Considering the above hardware configuration, the UE 200 may include a memory that stores a program (ie, memory 287) and one or more processors that can execute the program (ie, processor 285). One or more processors may execute the programs described above to perform the operations of the processing unit 230 . The program may be a program for causing the processor to execute the operation of the processing unit 230 .

<4. Network node configuration>
An example configuration of the network node 300 according to the embodiment of the present disclosure will be described with reference to FIGS. 7 and 8. FIG.

(1) Functional Configuration First, an example of the functional configuration of the network node 300 according to the embodiment of the present disclosure will be described with reference to FIG. Referring to FIG. 7, network node 300 comprises network communication unit 310 , storage unit 320 and processing unit 330 .

Network communication unit 310 receives signals from a network and transmits signals to the network.

The storage unit 320 stores various information.

Processing unit 330 provides various functions of network node 300 . The processing unit 330 includes an information acquisition unit 331 and a communication processing unit 333 . Note that the processing unit 330 may further include components other than these components. That is, the processing unit 330 may perform operations other than those of these components. Specific operations of the information acquisition unit 331 and the communication processing unit 333 will be described later in detail.

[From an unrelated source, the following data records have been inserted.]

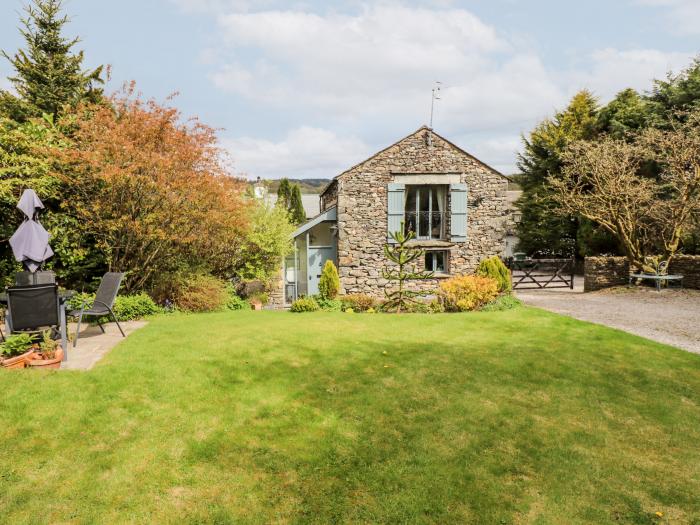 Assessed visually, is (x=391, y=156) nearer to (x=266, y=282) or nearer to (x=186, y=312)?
(x=266, y=282)

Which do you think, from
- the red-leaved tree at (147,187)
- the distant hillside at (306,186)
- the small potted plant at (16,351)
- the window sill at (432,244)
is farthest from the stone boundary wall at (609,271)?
the distant hillside at (306,186)

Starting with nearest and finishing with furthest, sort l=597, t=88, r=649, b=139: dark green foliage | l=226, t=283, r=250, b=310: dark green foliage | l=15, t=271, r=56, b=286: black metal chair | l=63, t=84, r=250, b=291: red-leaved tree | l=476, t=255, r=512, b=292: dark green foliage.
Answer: l=15, t=271, r=56, b=286: black metal chair < l=63, t=84, r=250, b=291: red-leaved tree < l=226, t=283, r=250, b=310: dark green foliage < l=476, t=255, r=512, b=292: dark green foliage < l=597, t=88, r=649, b=139: dark green foliage

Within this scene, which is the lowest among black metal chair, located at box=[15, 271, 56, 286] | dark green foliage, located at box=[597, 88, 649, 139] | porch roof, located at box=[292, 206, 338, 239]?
black metal chair, located at box=[15, 271, 56, 286]

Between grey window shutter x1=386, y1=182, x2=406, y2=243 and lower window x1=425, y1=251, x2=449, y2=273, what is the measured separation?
1.86 meters

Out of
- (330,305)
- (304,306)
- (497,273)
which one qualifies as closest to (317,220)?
(330,305)

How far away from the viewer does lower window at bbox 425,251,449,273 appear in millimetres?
16891

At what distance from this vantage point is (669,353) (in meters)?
7.02

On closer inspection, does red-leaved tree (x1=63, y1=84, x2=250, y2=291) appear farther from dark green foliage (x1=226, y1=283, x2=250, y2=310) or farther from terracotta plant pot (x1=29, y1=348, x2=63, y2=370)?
terracotta plant pot (x1=29, y1=348, x2=63, y2=370)

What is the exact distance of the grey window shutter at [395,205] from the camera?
16.1m

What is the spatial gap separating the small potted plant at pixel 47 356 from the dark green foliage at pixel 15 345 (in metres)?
0.19

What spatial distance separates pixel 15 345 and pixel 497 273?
41.2 feet

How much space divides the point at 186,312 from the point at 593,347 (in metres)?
9.86

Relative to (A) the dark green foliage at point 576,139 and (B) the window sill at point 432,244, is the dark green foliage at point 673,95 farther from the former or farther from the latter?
(B) the window sill at point 432,244

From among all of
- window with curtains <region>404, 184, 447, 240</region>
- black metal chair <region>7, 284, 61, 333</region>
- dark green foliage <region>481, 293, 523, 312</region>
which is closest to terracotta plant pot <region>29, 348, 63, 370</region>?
black metal chair <region>7, 284, 61, 333</region>
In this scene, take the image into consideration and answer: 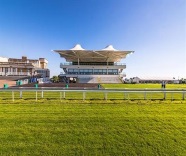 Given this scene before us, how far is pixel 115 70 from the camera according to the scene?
7306cm

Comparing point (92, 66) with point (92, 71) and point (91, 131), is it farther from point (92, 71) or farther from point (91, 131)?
point (91, 131)

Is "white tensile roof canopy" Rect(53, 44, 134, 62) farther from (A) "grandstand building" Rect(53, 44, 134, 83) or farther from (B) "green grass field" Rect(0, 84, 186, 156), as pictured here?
(B) "green grass field" Rect(0, 84, 186, 156)

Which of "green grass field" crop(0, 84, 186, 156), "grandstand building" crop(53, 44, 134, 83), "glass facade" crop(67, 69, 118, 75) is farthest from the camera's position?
"glass facade" crop(67, 69, 118, 75)

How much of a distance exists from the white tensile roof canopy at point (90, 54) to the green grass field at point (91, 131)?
57.6m

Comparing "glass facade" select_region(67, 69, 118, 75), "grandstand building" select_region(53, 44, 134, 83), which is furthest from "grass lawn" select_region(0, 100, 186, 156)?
"glass facade" select_region(67, 69, 118, 75)

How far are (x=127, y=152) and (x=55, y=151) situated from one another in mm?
2516

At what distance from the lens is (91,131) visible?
8.35 m

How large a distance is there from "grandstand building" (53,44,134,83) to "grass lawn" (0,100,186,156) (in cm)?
5533

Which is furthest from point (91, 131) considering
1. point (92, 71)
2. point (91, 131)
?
point (92, 71)

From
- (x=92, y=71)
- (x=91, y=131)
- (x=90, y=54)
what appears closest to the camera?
(x=91, y=131)

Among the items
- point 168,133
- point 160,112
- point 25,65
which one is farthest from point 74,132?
point 25,65

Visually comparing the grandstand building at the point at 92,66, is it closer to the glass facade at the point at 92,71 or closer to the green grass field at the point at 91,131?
the glass facade at the point at 92,71

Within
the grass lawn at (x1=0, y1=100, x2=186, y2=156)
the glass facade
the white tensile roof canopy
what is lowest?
the grass lawn at (x1=0, y1=100, x2=186, y2=156)

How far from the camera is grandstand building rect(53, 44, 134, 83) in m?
68.2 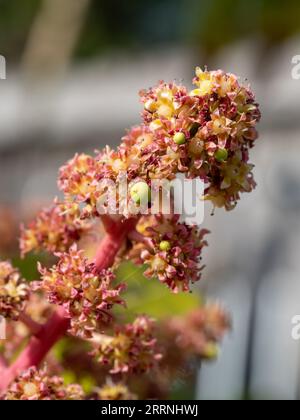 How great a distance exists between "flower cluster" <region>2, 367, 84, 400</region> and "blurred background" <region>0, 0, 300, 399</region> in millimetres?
551

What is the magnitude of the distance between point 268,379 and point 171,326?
1.58 metres

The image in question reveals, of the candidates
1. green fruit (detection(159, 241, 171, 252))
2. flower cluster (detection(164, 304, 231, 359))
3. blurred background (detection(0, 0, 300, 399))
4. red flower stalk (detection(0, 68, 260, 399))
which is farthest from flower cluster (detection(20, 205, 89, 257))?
blurred background (detection(0, 0, 300, 399))

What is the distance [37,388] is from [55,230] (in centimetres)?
18

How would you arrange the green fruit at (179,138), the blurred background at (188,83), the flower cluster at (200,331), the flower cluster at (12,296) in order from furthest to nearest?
1. the blurred background at (188,83)
2. the flower cluster at (200,331)
3. the flower cluster at (12,296)
4. the green fruit at (179,138)

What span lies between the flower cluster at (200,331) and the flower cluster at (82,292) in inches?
13.5

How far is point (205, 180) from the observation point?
0.81m

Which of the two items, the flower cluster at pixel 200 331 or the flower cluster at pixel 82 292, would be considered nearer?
the flower cluster at pixel 82 292

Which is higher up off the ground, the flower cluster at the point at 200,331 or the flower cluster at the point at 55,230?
the flower cluster at the point at 55,230

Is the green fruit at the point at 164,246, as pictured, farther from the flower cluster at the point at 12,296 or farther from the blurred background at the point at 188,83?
the blurred background at the point at 188,83

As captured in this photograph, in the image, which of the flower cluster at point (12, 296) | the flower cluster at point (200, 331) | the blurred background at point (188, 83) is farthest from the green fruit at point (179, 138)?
the blurred background at point (188, 83)

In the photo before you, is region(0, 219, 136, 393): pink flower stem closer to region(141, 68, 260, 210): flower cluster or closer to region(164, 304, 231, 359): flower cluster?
region(141, 68, 260, 210): flower cluster

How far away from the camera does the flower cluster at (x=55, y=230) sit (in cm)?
94

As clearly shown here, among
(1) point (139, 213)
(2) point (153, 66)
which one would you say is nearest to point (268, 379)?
(1) point (139, 213)

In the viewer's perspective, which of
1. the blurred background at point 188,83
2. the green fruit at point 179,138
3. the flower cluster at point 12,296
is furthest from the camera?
the blurred background at point 188,83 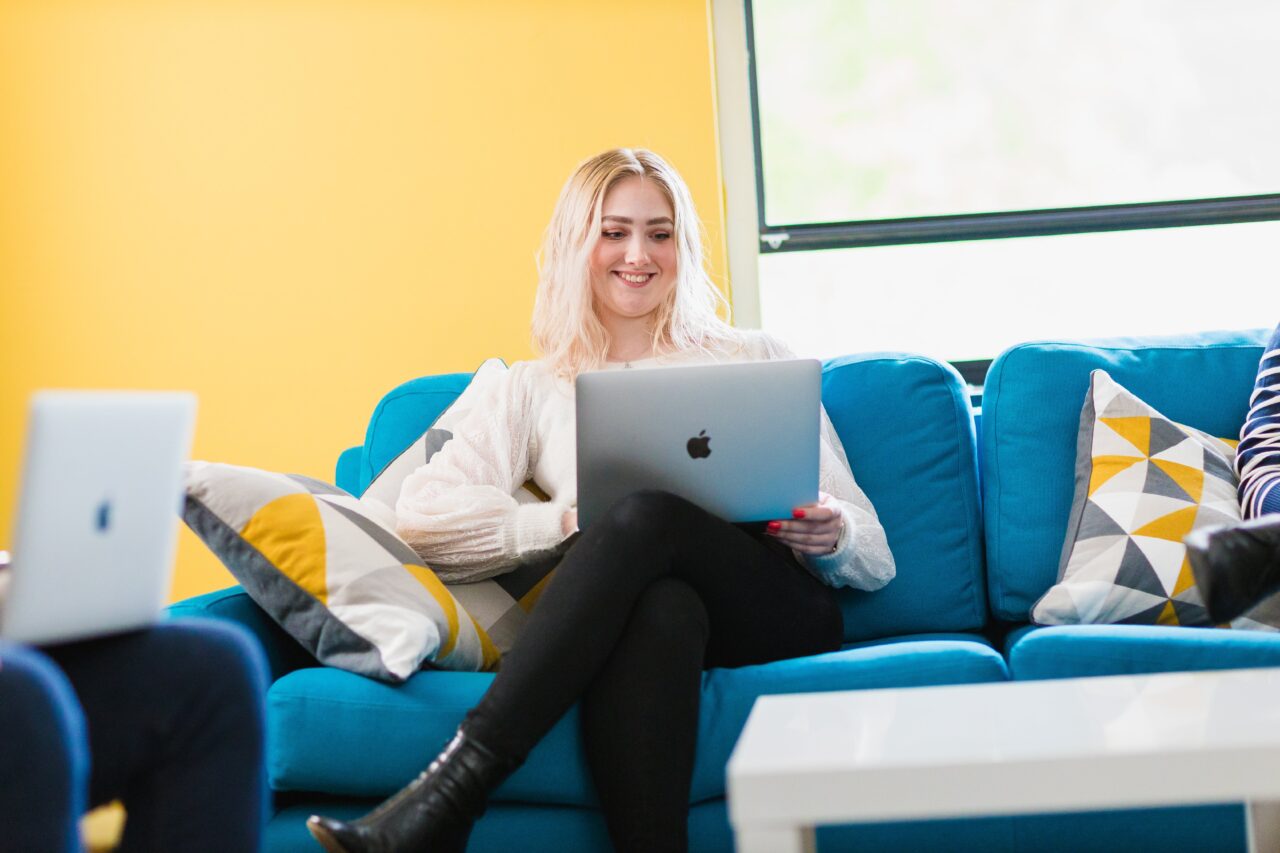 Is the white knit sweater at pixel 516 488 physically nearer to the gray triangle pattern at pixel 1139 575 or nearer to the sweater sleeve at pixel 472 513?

For example, the processing unit 330 (communication processing unit 333) communicates with a base station (for example, the base station 100) via the network communication unit 310. FIG. For example, the processing unit 330 (communication processing unit 333) communicates with the UE (eg, UE 200) via the network communication unit 310 and the base station (eg, base station 100).

(2) Hardware Configuration Next, an example hardware configuration of the network node 300 according to the embodiment of the present disclosure will be described with reference to FIG. Referring to FIG. 8, network node 300 comprises network interface 381 , processor 383 , memory 385 and storage 387 .

The network interface 381 is, for example, a network adapter and transmits signals to and receives signals from the network.

Processor 383 processes signals transmitted and received via network interface 381 . Processor 383 may include multiple processors or may be a single processor.

The memory 385 stores programs executed by the processor 383, parameters relating to the programs, and data relating to the programs. Memory 385 may include at least one of ROM, EPROM, EEPROM, RAM, and flash memory. All or part of memory 385 may be included within processor 383 .

Storage 387 stores various information. Storage 387 may include at least one of SSD and HDD.

Network communication unit 310 may be implemented by network interface 381 . Storage unit 320 may be implemented by storage 387 . Processing unit 330 may be implemented by processor 383 and memory 385

Part or all of the processing unit 330 may be virtualized. In other words, part or all of the processing unit 330 may be implemented as a virtual machine. In this case, part or all of the processing unit 330 may operate as a virtual machine on a physical machine (that is, hardware) including a processor, memory, etc. and a hypervisor.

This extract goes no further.